Header

Mapping GBIF data using R and GRASS

Author: Paulo van Breugel
Updated on: 12-08-18

Introduction

GBIF

The Global Biodiversity Information Facility (GBIF) is an international open data infrastructure that allows anyone, anywhere to access data about all types of life on Earth, shared across national boundaries via the Internet. GBIF provides a single point of access through http://www.gbif.org/ to species records shared freely by hundreds of institutions worldwide. The data accessible through GBIF relate to evidence about more than 1.6 million species, collected over three centuries of natural history exploration and including current observations from citizen scientists, researchers and automated monitoring programs.

There are various ways to import GBIF data, including directly from the website as comma delimited file (csv) and using the v.in.gbif addon for GRASS. In R there are e.g., the packages spocc and rgbif that you can use. In this tutorial we will be using the latter. In the link section some tutorials are listed that illustrate the use of spocc and other relevant R packages.

R / GRASS integration

We ultimately want to store the downloaded data in a GRASS GIS database. One can use GRASS GIS and R in conjunction in two different ways. One is to use R within a GRASS GIS session. This means that we start R (or RStudio) from the GRASS GIS command line. The other option is to use GRASS GIS within a R session. This means we connect to a GRASS GIS location/mapset from within R (or RStudio). For more details, see the GRASS GIS Wiki. The first approach is arguably the easiest, and is what we will be using below. If you just want to download and use the data in R, you can simply skip the parts about GRASS GIS.

An example - Kalmia latifolia

Mountain Laurel (Kalmia latifolia) is a mid-sized shrub that can be found in acidic forests, bluffs, bogs, along sandhill streams, and in a wide range of other habitats, nearly ubiquitous in the mountains, up to at least 1600m, while more restricted in habitat in the lower Piedmont and Coastal Plain (NC wildflower website). In this example, we will download the presence points of this species in the USA. All it really takes is 5 lines of code.

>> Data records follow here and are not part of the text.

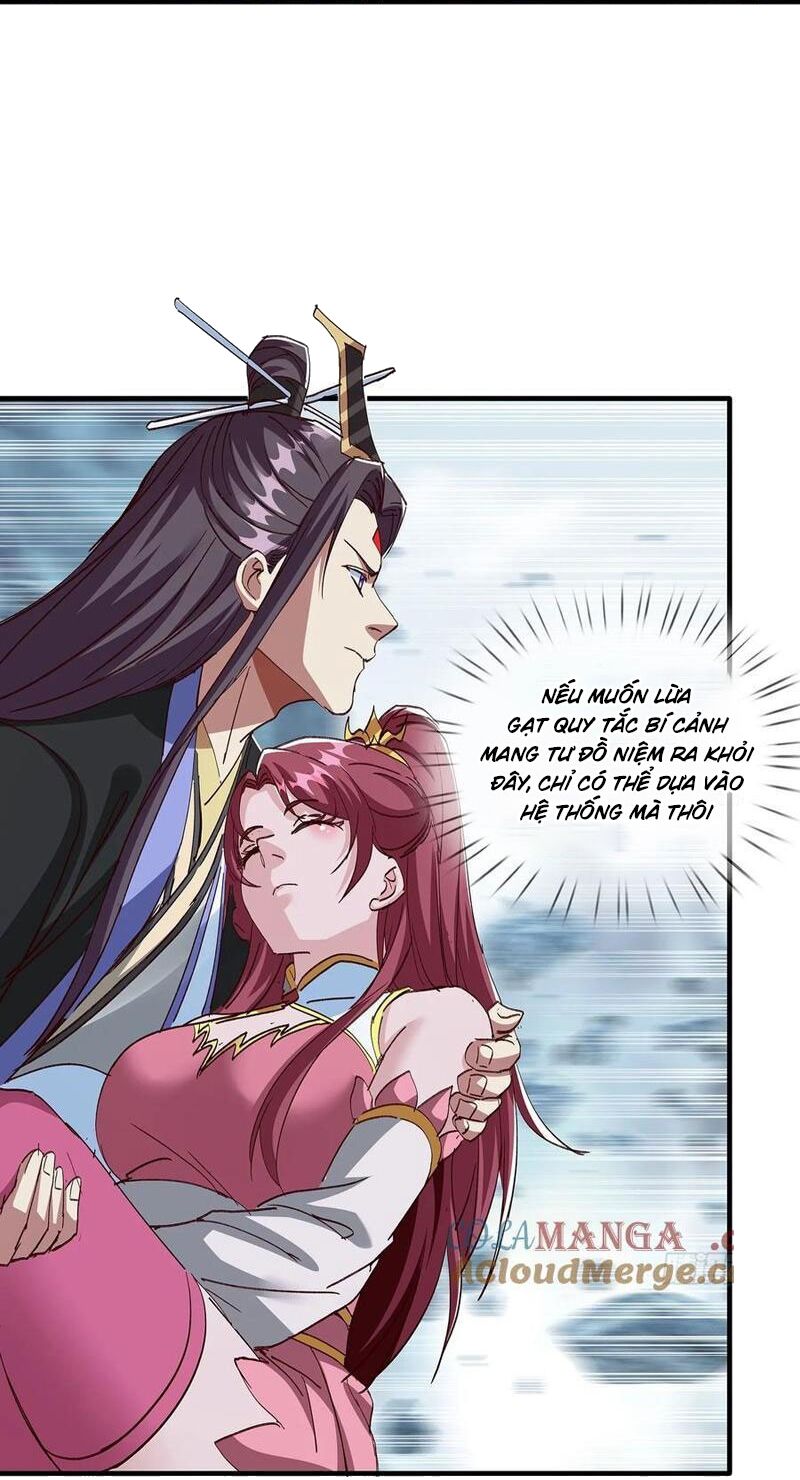 Hoá Ra Ta Lại Là Lão Tổ Ma Đạo - Chapter 101 - Page 13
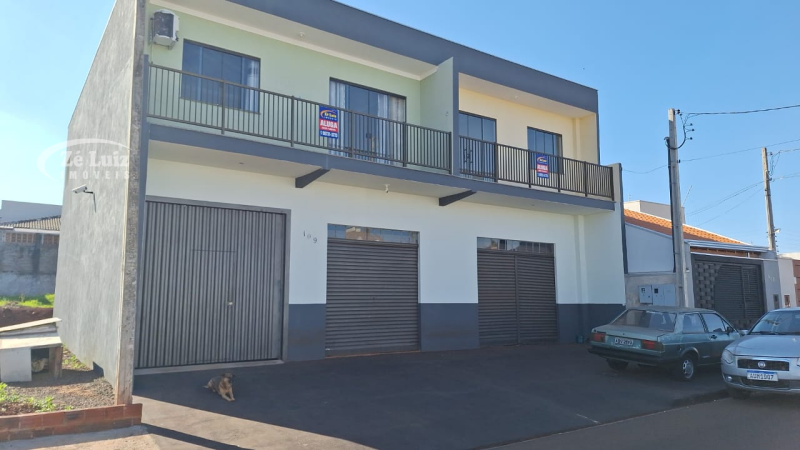ALUGA APARTAMENTO 01 NA RUA DIOMARA CANDIDO RIBEIRO, 109 JARDIM SÃO PAULO 2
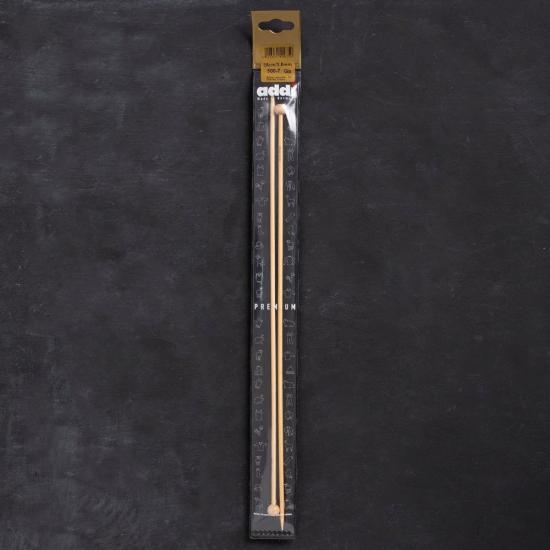 Addi Bambus 3,5mm 35cm Bambu Örgü Şişi - 500-7
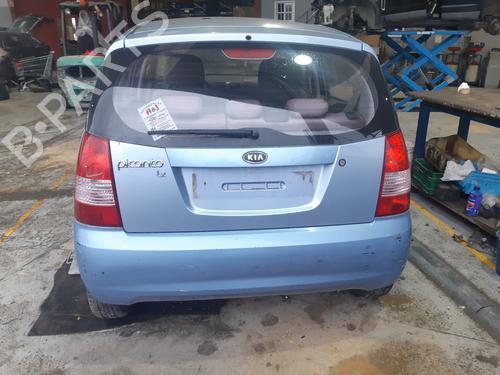 Engine control unit (ECU) KIA PICANTO I (SA) 1.1 | BP24296098M57 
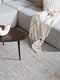 Vloerkleed Scott Taupe 200 x 280 cm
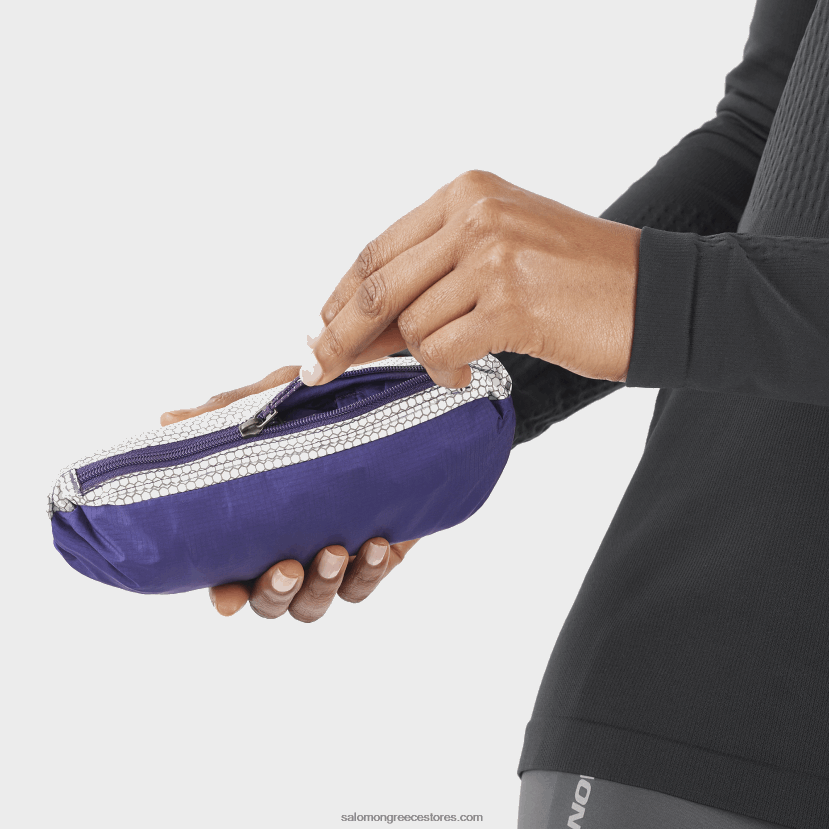 γυναικείο μπουφάν με κέλυφος - μπονάτι αδιάβροχο Salomon αστρική αύρα DXFPHB844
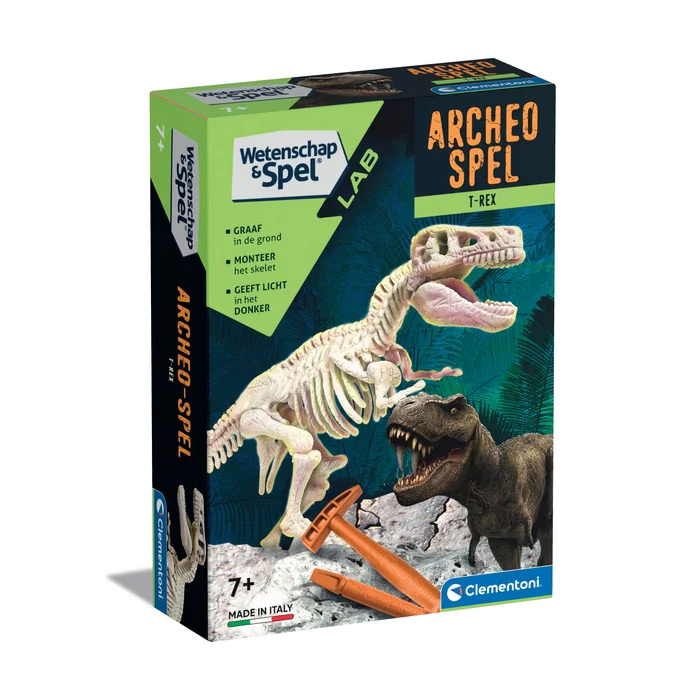 Archeospel - T-Rex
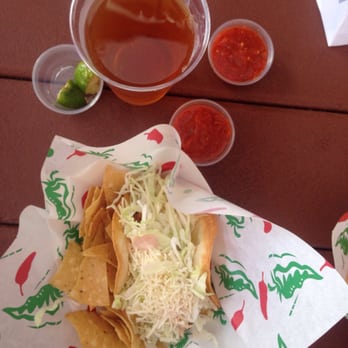 Snapper Jack's Taco Shack - Happy lunch! Fish burrito and an 805 - Mexican Near Me - Camarillo, California Snapper Jack's Taco Shack - Happy lunch! Fish burrito and an 805 - Mexican Near Me - Camarillo, California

# Get the data and convert it in the right format,
# reproject it to the right projection, and export to GRASS GIS
KL <- occ_data(scientificName="Kalmia latifolia", hasCoordinate=TRUE,
		   country="US", hasGeospatialIssue=FALSE)$data
coordinates(KL) <- cbind(KL$decimalLongitude, KL$decimalLatitude)
proj4string(KL) = CRS("+init=epsg:4326")
KLnew <- spTransform(KL, getLocationProj())
writeVECT(SDF=KLnew[,c(1,2,5)], vname="KL3", driver="SQLite")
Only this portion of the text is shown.